When the line containing "AnyDesign Floral Wired" is found in the data below, give it again along with every later line, exactly; drop the pictures.
====== Stored data ======
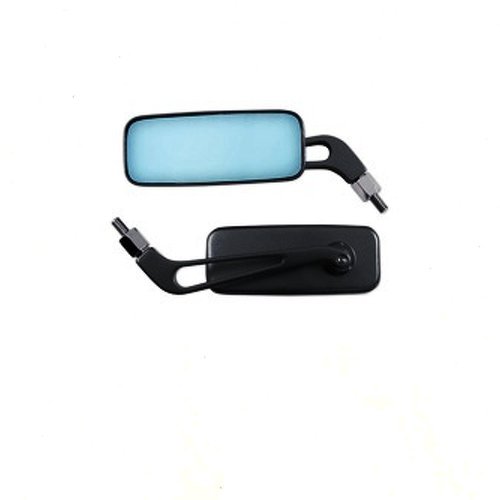 Coppia Specchietti Specchio Retrovisore Moto Naked Custom Metallo Nero Dx+Sx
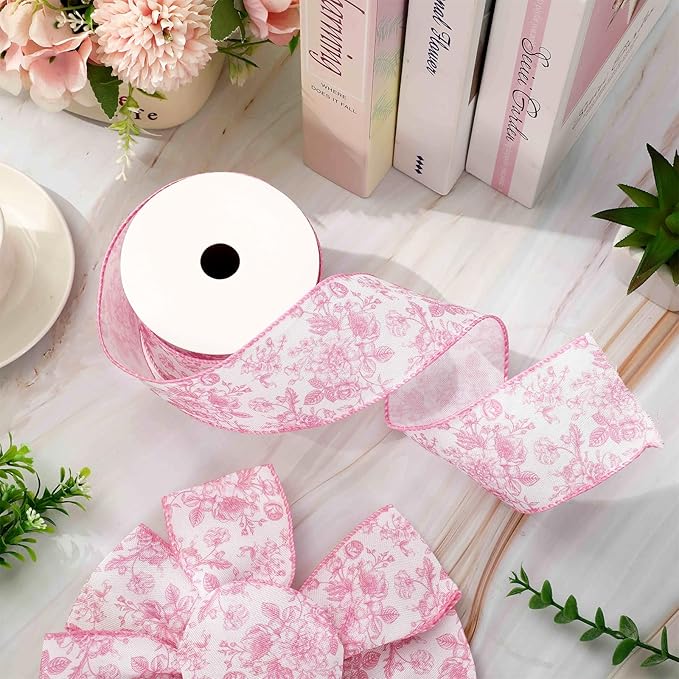 AnyDesign Floral Wired Edge Ribbon Roll Pink Flower Ribbon Chinoiserie Fabric Ribbon for Wreath Bow Making DIY Crafts Gift Wrapping, 12 Yard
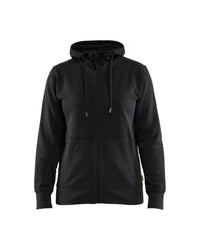 3395 Dames hooded sweatshirt met rits katoen - Zwart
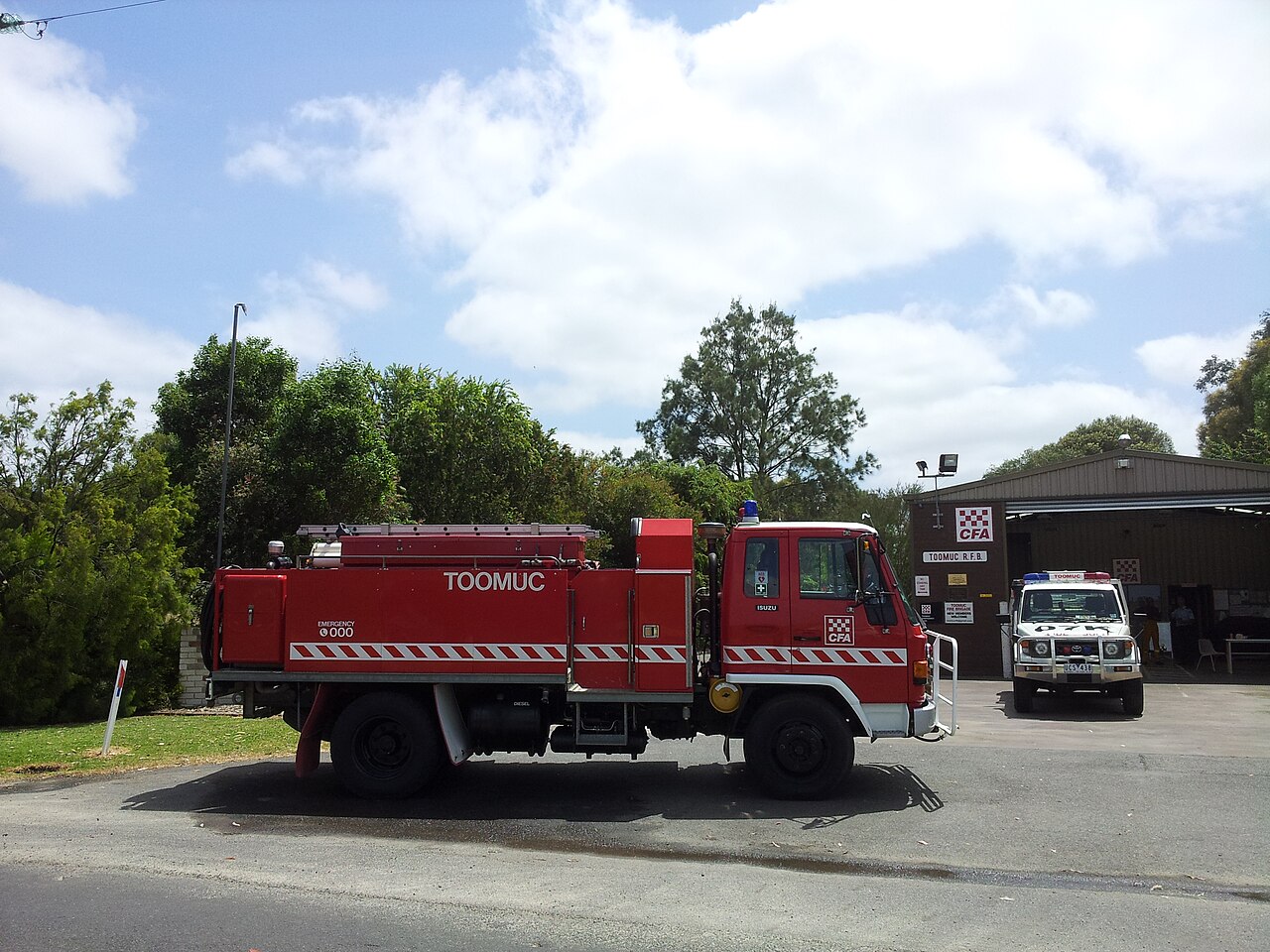 Toomuc fire station with its fire trucks parked out front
======
» Solution to this exercise:
 AnyDesign Floral Wired Edge Ribbon Roll Pink Flower Ribbon Chinoiserie Fabric Ribbon for Wreath Bow Making DIY Crafts Gift Wrapping, 12 Yard
 3395 Dames hooded sweatshirt met rits katoen - Zwart
 Toomuc fire station with its fire trucks parked out front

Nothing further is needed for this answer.